MATERIAL SHOWN:
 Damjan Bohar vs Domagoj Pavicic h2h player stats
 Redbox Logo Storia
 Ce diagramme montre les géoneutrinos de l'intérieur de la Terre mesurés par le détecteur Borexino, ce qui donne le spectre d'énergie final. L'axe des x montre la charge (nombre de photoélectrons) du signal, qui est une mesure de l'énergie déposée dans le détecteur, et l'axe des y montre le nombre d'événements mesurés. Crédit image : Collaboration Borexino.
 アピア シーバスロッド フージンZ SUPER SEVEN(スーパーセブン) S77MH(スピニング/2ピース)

...

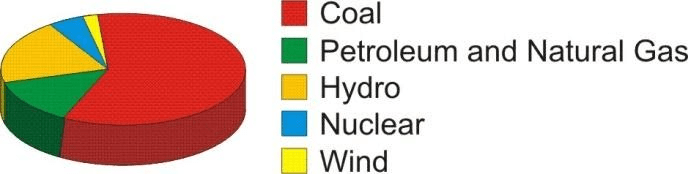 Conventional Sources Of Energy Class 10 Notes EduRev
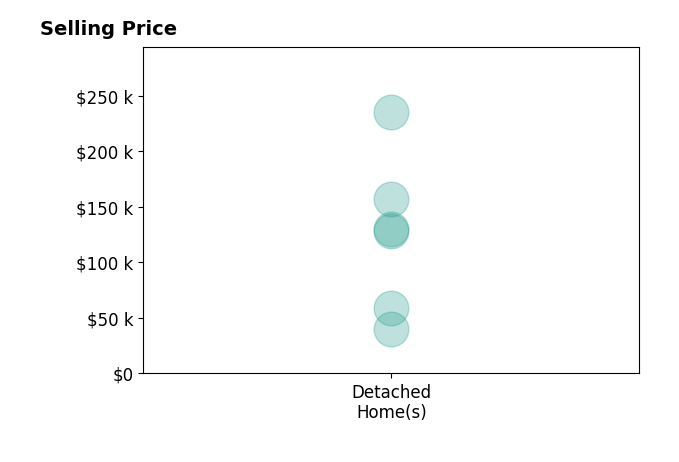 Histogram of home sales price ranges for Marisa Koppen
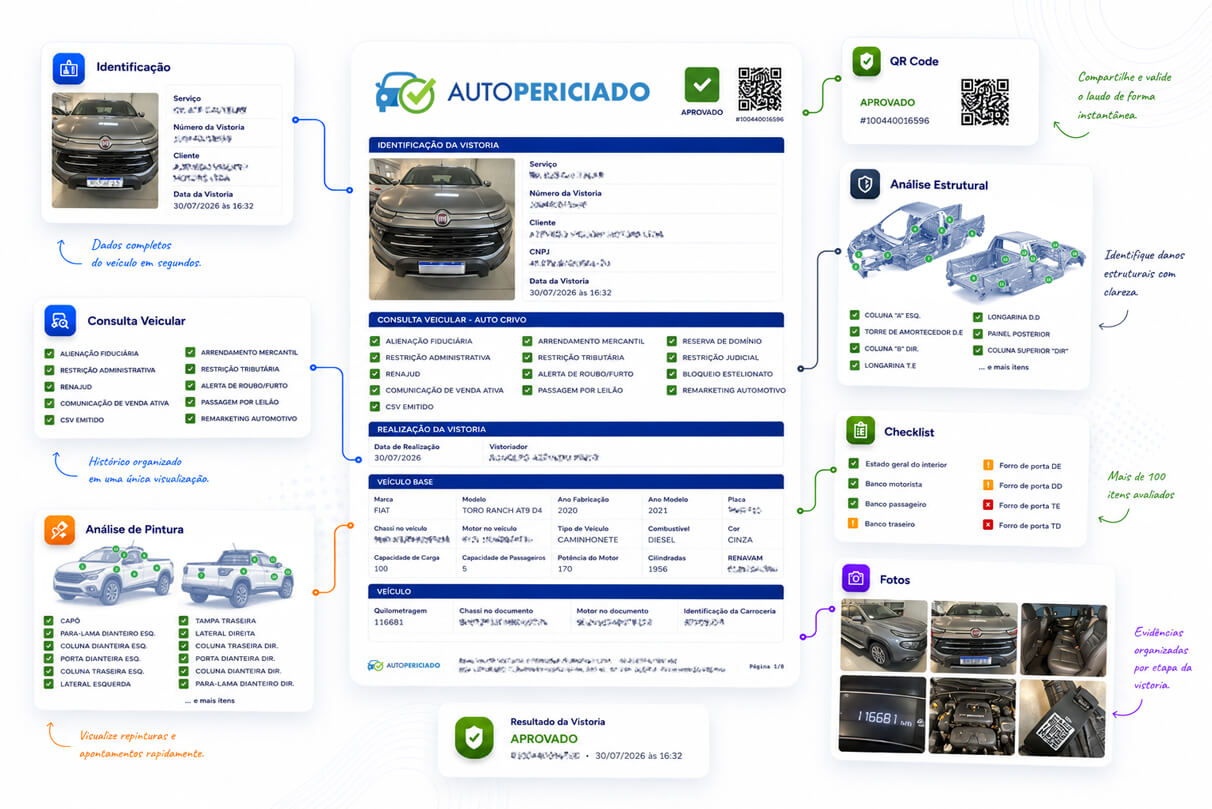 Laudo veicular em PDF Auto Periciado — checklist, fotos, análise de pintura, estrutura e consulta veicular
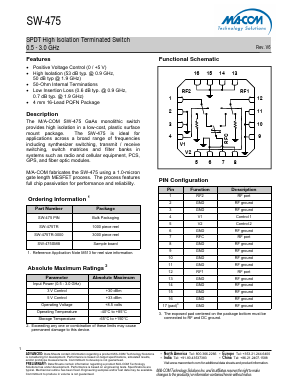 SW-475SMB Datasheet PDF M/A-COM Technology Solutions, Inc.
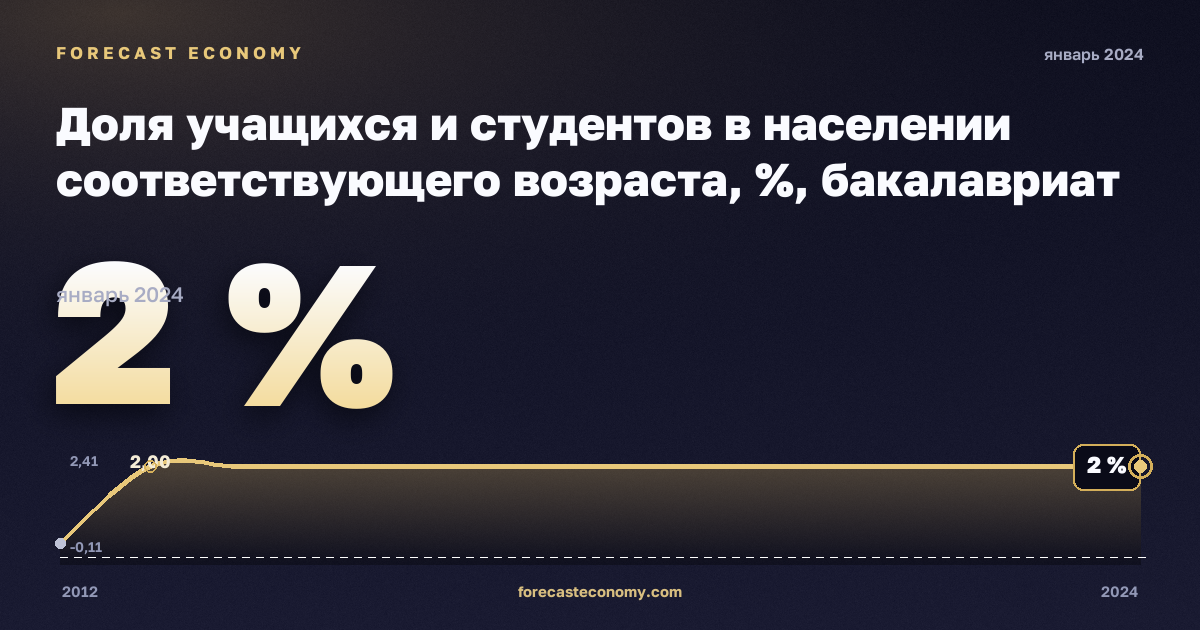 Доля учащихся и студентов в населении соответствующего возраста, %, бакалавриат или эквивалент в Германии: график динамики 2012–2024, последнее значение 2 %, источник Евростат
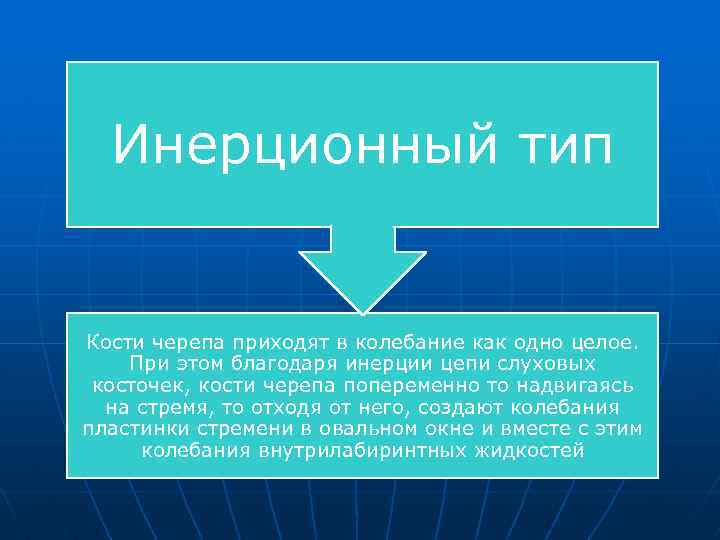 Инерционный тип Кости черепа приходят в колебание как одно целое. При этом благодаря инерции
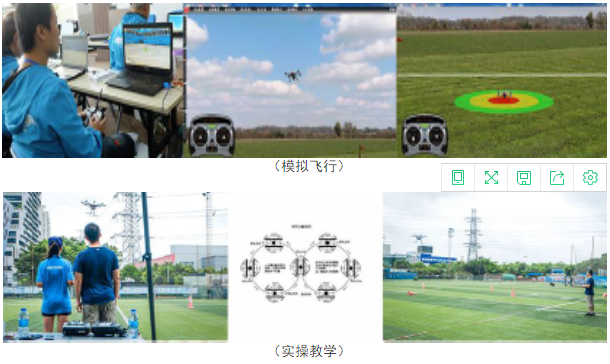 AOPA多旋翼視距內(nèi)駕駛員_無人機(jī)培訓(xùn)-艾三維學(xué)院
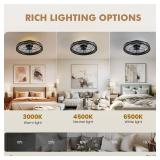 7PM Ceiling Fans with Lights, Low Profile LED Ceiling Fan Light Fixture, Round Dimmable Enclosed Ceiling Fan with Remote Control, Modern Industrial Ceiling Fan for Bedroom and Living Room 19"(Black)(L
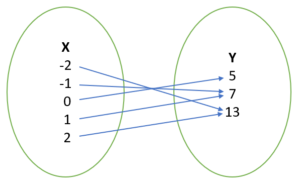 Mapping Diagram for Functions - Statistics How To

---

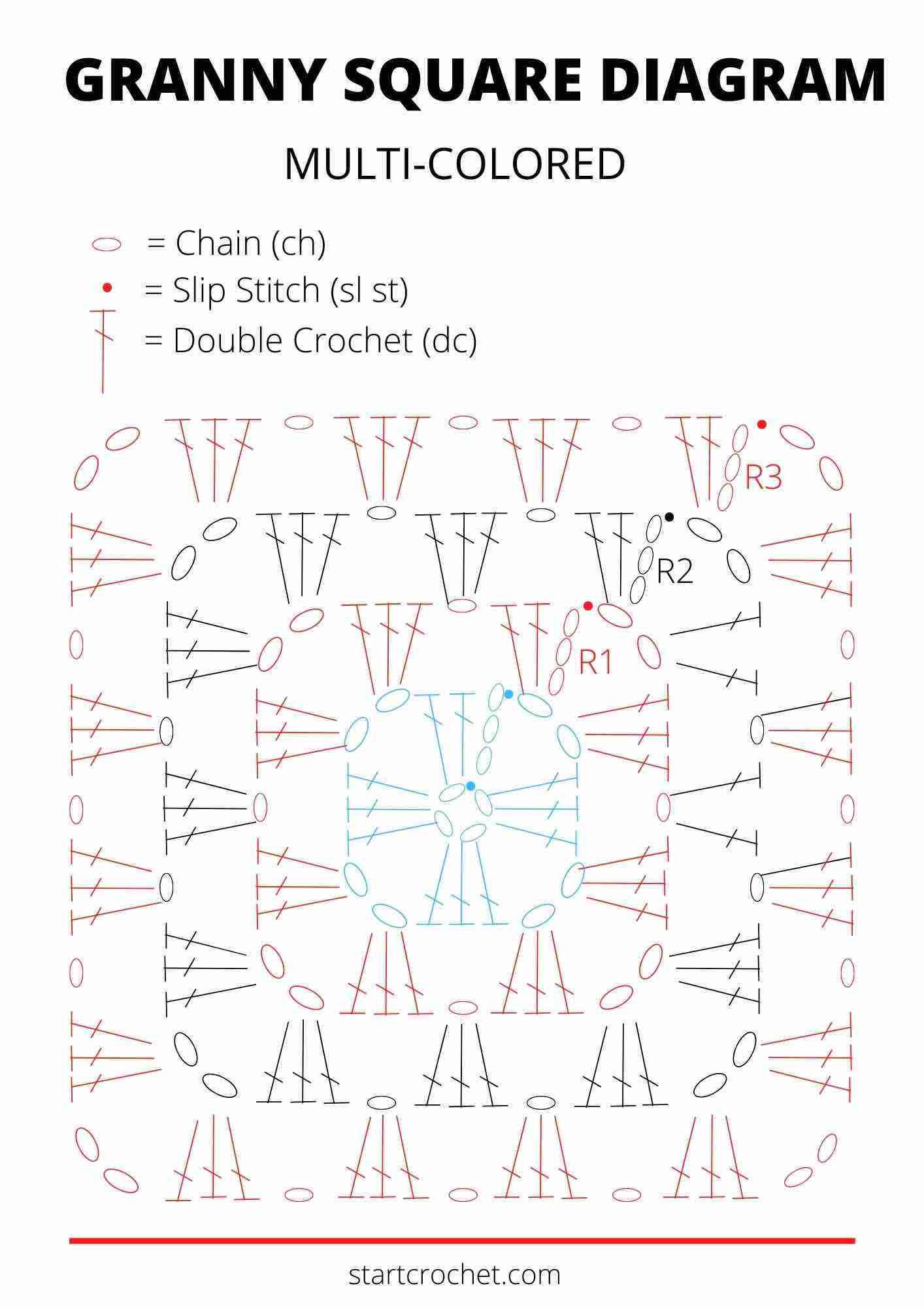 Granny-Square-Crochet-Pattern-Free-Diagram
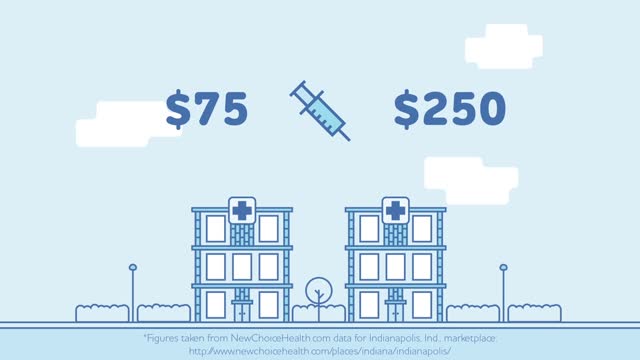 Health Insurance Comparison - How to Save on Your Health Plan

WORK REQUIRED: Above are the records; please give again, exactly and in full, only the lines that run from the line with "Granny-Square-Crochet-Pattern-Free-Diagram" through the line with "Health Insurance Comparison", with no pictures.

EXERCISE ANSWER:
 Granny-Square-Crochet-Pattern-Free-Diagram
 Health Insurance Comparison - How to Save on Your Health Plan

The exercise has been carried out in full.